** What the task asks **
Would you return each record that follows word for word, without its pictures?
++++ Data ++++
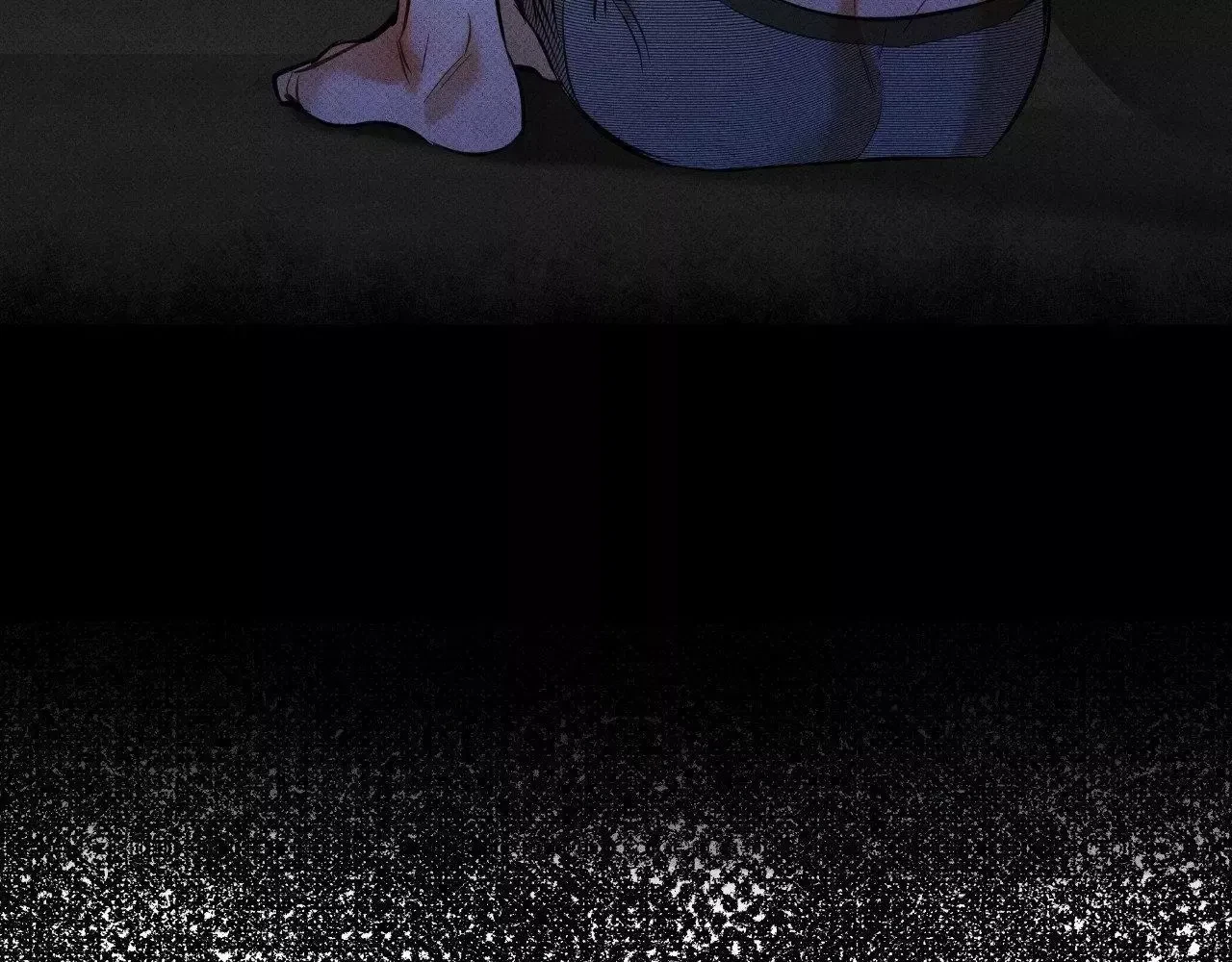 Chapter 20, page 102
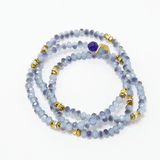 Light it Up Bracelet Set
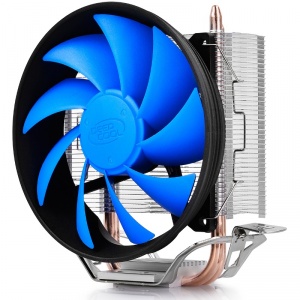 DeepCool GAMMAXX 200T
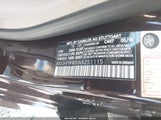 MERCEDES-BENZ E 350 4MATIC WDDHF8HBXAA251115 снимка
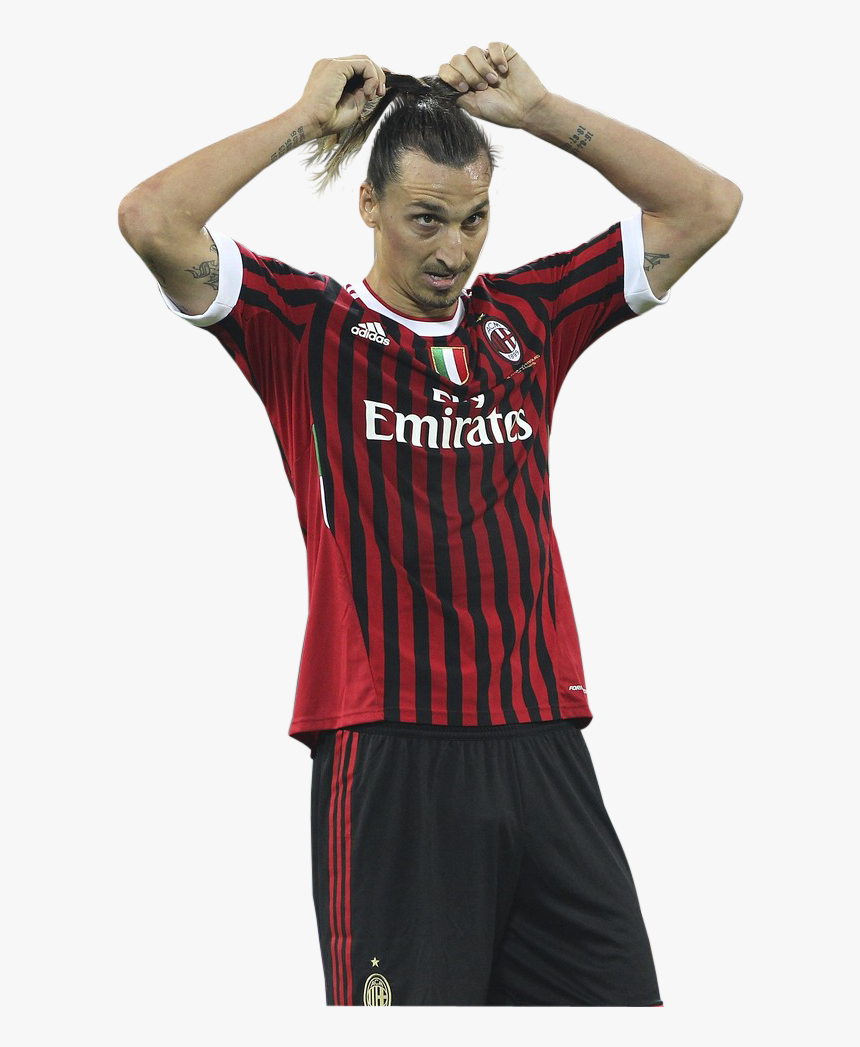 Arsenal, HD Png Download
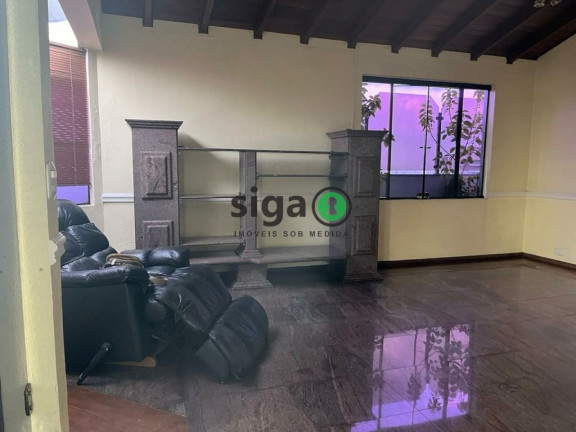 Imagem Apartamento com 2 Quartos à Venda, 152 m² em Belenzinho - São Paulo Imagem Apartamento com 2 Quartos à Venda, 152 m² em Belenzinho - São Paulo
++++
** Reply **
 Chapter 20, page 102
 Light it Up Bracelet Set
 DeepCool GAMMAXX 200T
 MERCEDES-BENZ E 350 4MATIC WDDHF8HBXAA251115 снимка
 Arsenal, HD Png Download
 Imagem Apartamento com 2 Quartos à Venda, 152 m² em Belenzinho - São Paulo Imagem Apartamento com 2 Quartos à Venda, 152 m² em Belenzinho - São Paulo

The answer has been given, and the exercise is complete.